The answers are not in this theory of change, but some of them might be found in this sampling of readings which dig deeper into contexts, conditions and strategies:
- Some U.S. case studies: one a post-mortem on the cap and trade fight in 2009 and the other an assessment of the dynamics between radical and reform forces within the civil rights movement.
- A couple of thought-provoking books that explore the type of infrastructure, alliances, and organizational forms forged in South Africa during the anti-apartheid struggle and the strategies deployed by the Worker’s Party in Brazil over the past 20 years. Any comprehensive international selection would be near impossible to curate, but these are a good place to start, with both raising the critical question of what a powerful 21st-century US infrastructure needs to look like.
- Minimally, that domestic infrastructure would need to be better networked.

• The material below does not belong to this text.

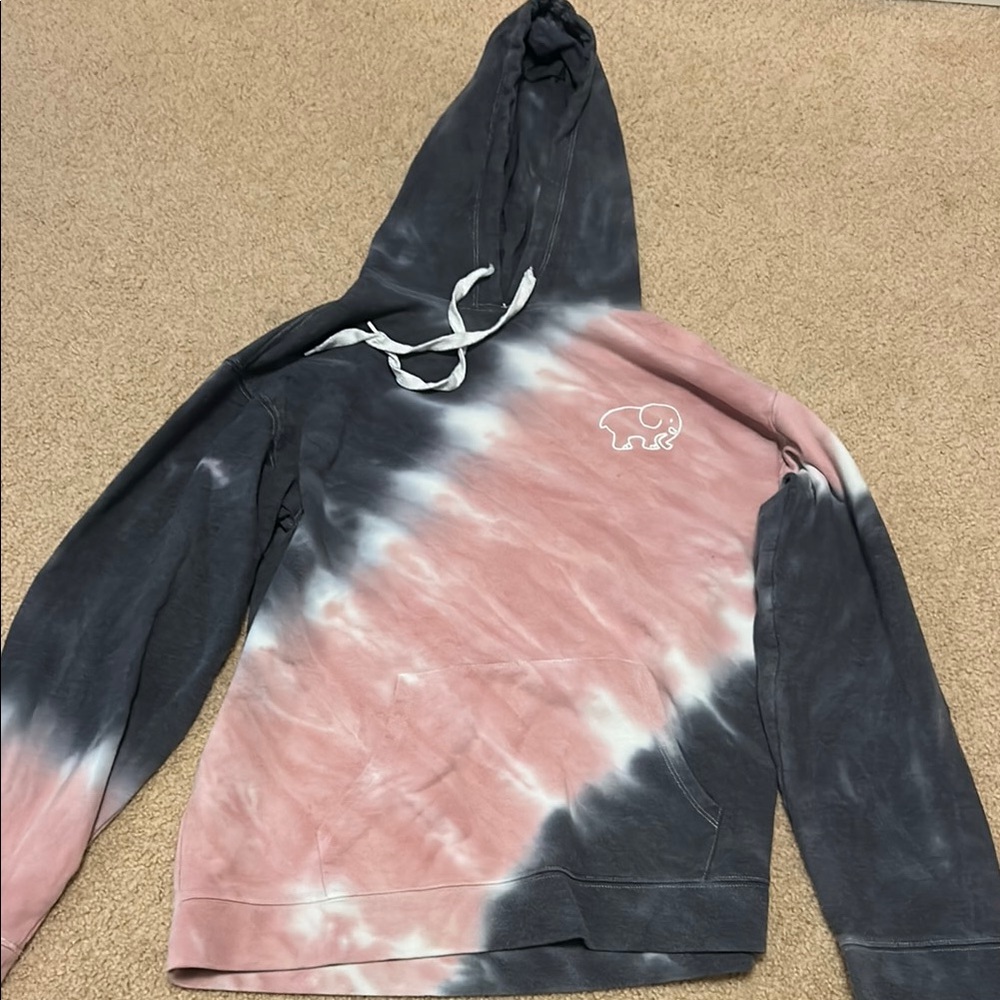 Pink and gray Tie-Dye Hoodie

It would also require stronger alignment, discipline, new organizations and the sunsetting of groups that no longer serve.
- Finally, the question waiting at the end of all of our theory of change conversations at Ford: What should be philanthropy’s intervention? Manuel Pastor and Rhonda Ortiz make a strong case for funding movements, while our own Darren Walker calls for flexibility and humility in approach to match our ambition for social change.
Of course, the real litmus test of any theory of change is not only what it reveals in hindsight, but how it informs our actual and applied movement building strategy, in real time. So how does this animation resonate with contemporary efforts like Caring Across Generations or the newly launched Make It Work campaign, which focuses exactly on the women’s economic justice opportunities identified in the animation? How does it resonate with your work, your strategy, your theories?